[Web page caption snippets]
━━━━━━
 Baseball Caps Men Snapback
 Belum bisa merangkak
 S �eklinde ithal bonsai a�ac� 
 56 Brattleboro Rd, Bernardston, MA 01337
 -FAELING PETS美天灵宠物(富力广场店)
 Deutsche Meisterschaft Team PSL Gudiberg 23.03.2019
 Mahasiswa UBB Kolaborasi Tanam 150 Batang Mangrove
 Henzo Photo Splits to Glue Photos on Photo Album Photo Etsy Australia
━━━━━━
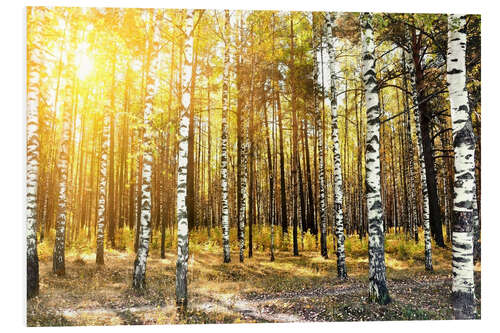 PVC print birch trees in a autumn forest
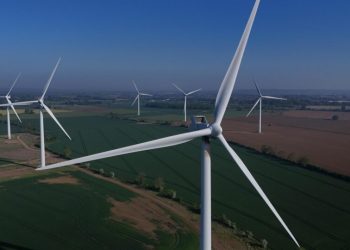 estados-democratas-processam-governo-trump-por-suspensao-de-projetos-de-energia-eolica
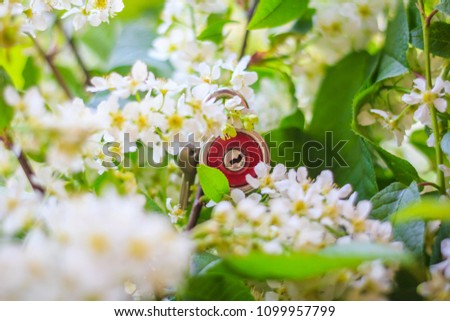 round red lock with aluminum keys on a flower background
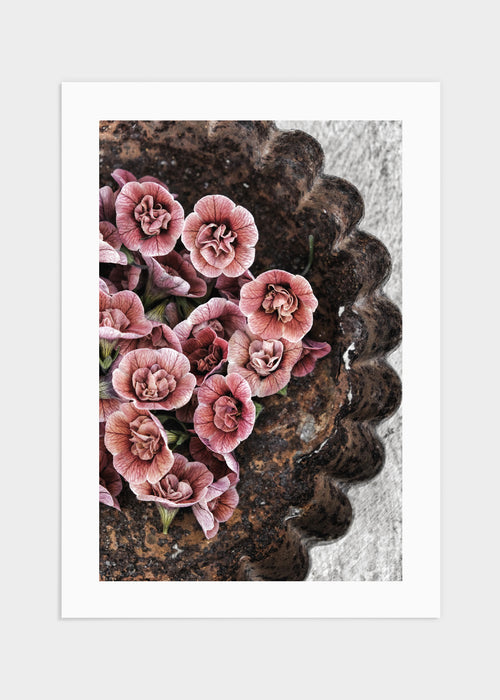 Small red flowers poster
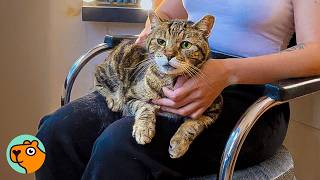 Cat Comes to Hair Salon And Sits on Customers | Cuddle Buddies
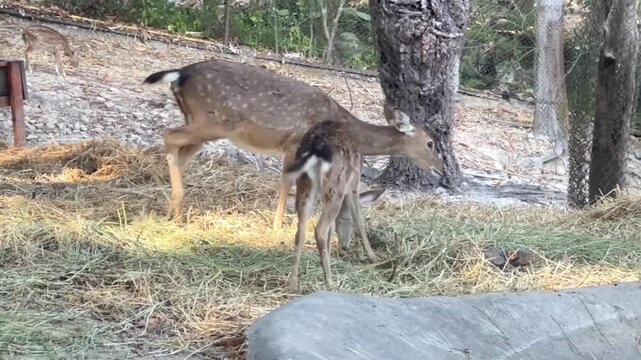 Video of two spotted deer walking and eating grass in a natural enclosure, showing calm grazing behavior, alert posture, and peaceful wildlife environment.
━━━━━━
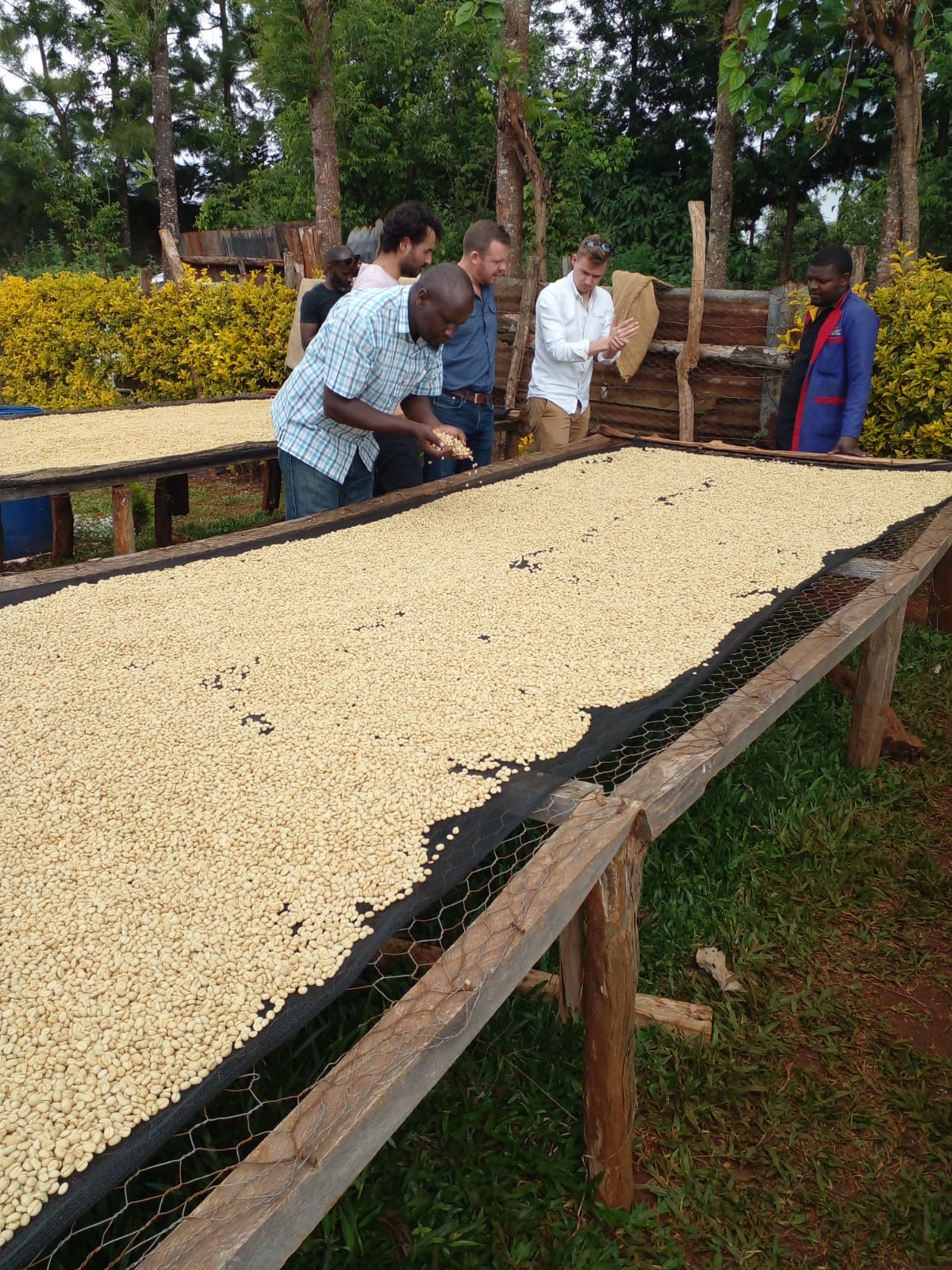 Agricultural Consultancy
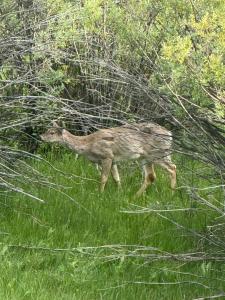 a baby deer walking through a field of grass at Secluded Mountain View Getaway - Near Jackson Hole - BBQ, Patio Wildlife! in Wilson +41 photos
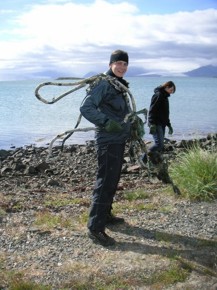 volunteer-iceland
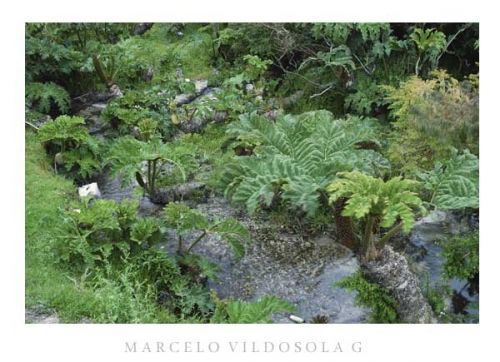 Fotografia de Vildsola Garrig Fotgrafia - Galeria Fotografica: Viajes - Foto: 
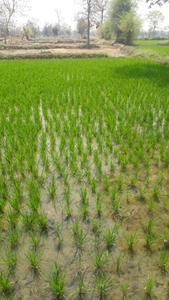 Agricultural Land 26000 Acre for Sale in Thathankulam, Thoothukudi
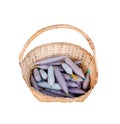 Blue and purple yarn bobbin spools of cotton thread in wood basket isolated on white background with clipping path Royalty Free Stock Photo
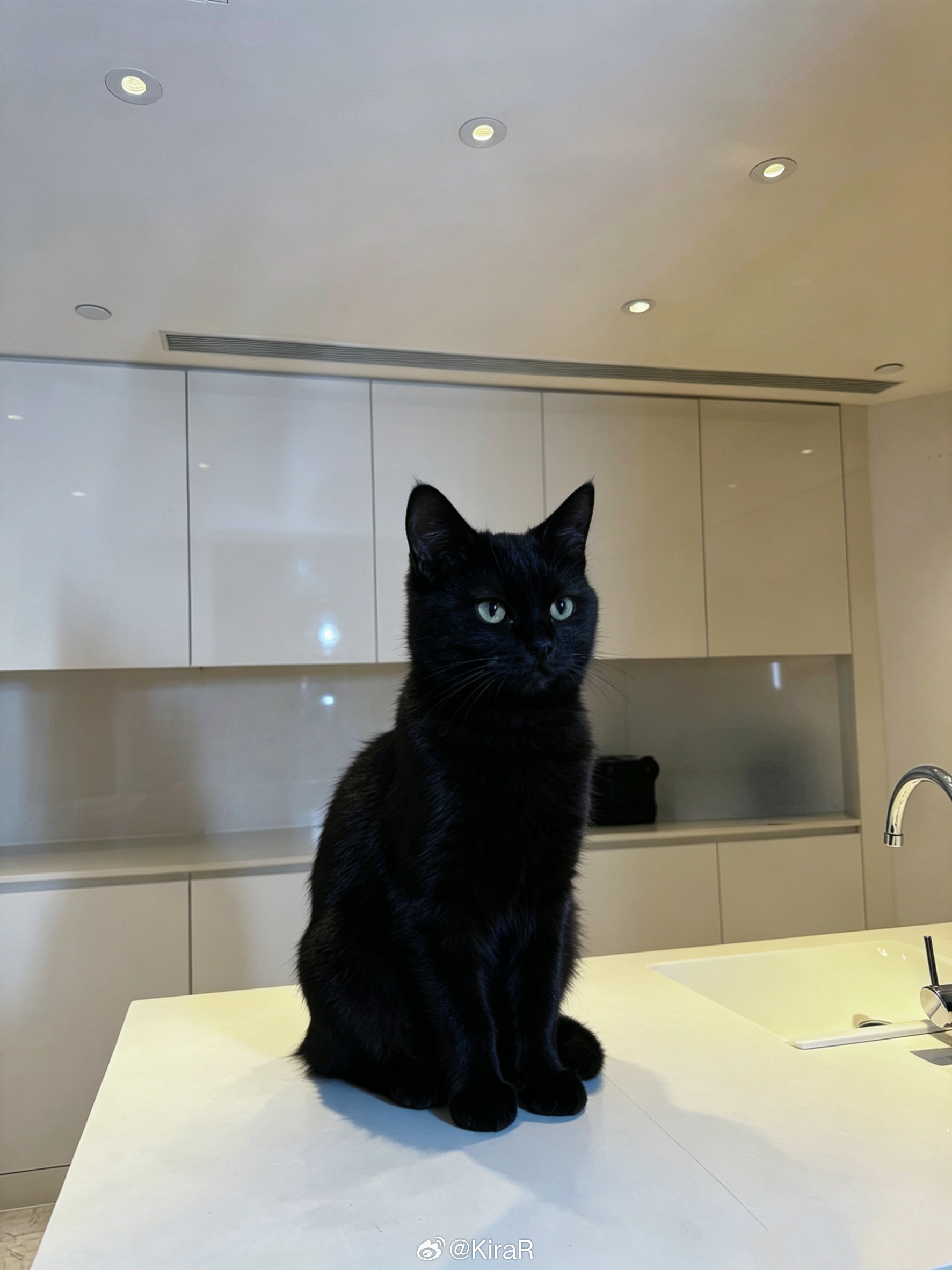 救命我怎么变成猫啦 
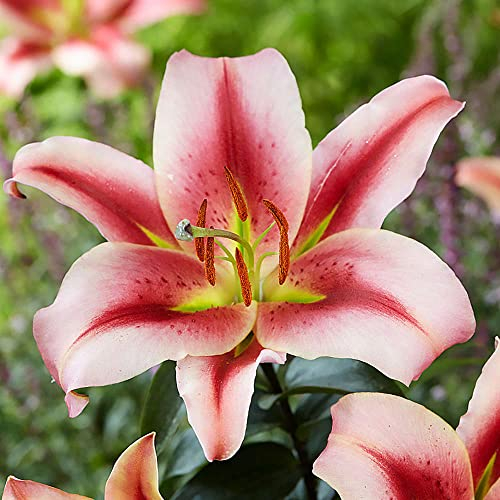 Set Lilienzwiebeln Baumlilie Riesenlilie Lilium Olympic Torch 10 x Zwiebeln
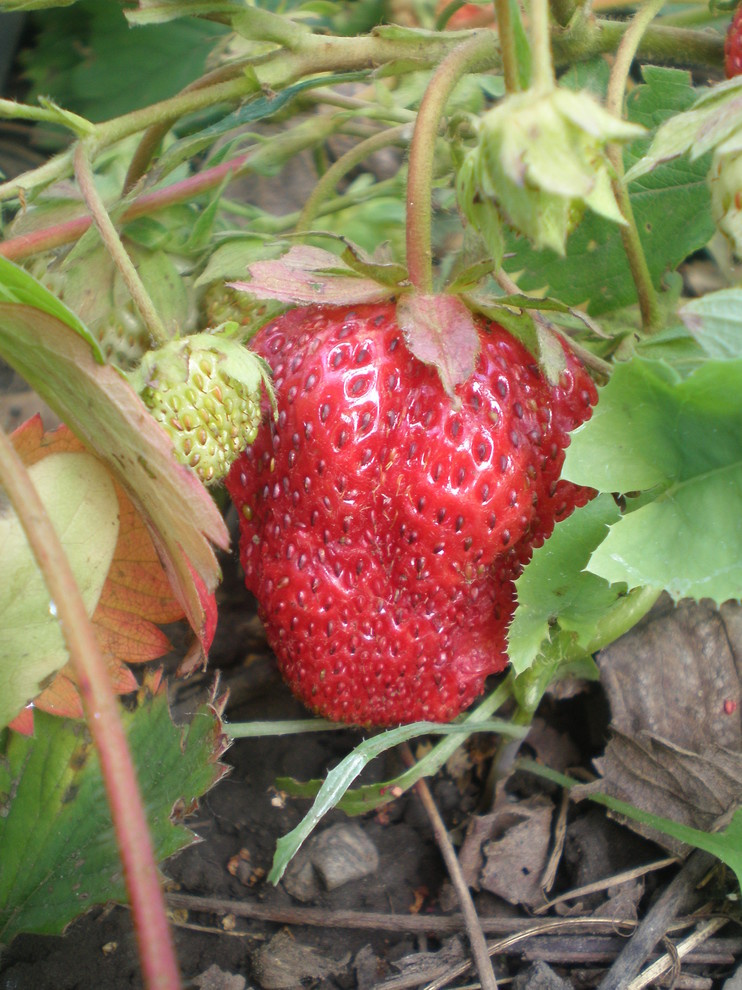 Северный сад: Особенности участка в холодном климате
━━━━━━
__Problem description__: Would you output, from the records above, exactly the run of lines that starts at the line containing "Belum bisa merangkak" and ends at the line containing "Mahasiswa UBB Kolaborasi", and only that run?

__Reply to the exercise__:
 Belum bisa merangkak
 S �eklinde ithal bonsai a�ac� 
 56 Brattleboro Rd, Bernardston, MA 01337
 -FAELING PETS美天灵宠物(富力广场店)
 Deutsche Meisterschaft Team PSL Gudiberg 23.03.2019
 Mahasiswa UBB Kolaborasi Tanam 150 Batang Mangrove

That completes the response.